Hello everybody, especially the happy SM owners and their tricky and nicely wired nav station!!

You all have three power supplies, located under the nav station, most of them SAILOR, that turn 24V into 12V, for a maximum output of 6 Amps (if you draw more, you blow the fuse inside the box).
One of them is labelled PERMANENT.
This power supply only feeds the auto-radio with 12V. It is permanently wired to the 24V battery set, without going through the main breakers.
Why is that? In order that the memory of the auto-radio is permanently fed and doesn't lose its preset stations.
BUT, you have all noticed that, when you turn off the breaker (NAVIGATION or INSTRUMENTS) in the hanging locker, you cannot turn on the radio.

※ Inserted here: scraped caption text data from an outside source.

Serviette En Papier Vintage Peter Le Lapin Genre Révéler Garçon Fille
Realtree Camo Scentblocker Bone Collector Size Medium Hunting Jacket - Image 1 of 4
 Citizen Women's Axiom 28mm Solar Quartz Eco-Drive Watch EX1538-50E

So you might think the radio is NOT permanently fed.
Indeed it is not.
How does AMEL do that?
There are two wires that feed the auto-radio, one feeds directly the memory system from the SAILOR power supply, one feeds the auto-radio through a relay that is activated only when you get power through the INSTRUMENTS breaker.
If you pay careful attention, when you turn on the INSTRUMENTS breaker, you can hear a CLICK noise coming from the back of the nav station, that's the famous relays that allow 12V power to go to the auto-radio. This relay is activated with 24V.
There are two relays one for the 12V positive, one for the 12V negative.

This system is more complicate than on a car because you need to turn 24V into 12V and you don't get negative through the body of the car but with a wire.

If you look at the back of the main breakers, in the passageway, you will find two small wires connected to the 24V positive and negative inputs of these breakers. These wires feed the PERMANENT SAILOR power supply. You will find connectors on these wires that allow you to disconnect the power supply.
In later SMs and the 54s a switch has been installed on the PERMANENT power supply green box, (or behind the wooden board on starboard side of the nav station in the 54) in order you can easily turn it off. Why? this is for those who leave their boat unattended for a while, without a charge possibility (highly recommended) and who don't want the PERMANENT power supply to empty their batteries (which happens within 3 months).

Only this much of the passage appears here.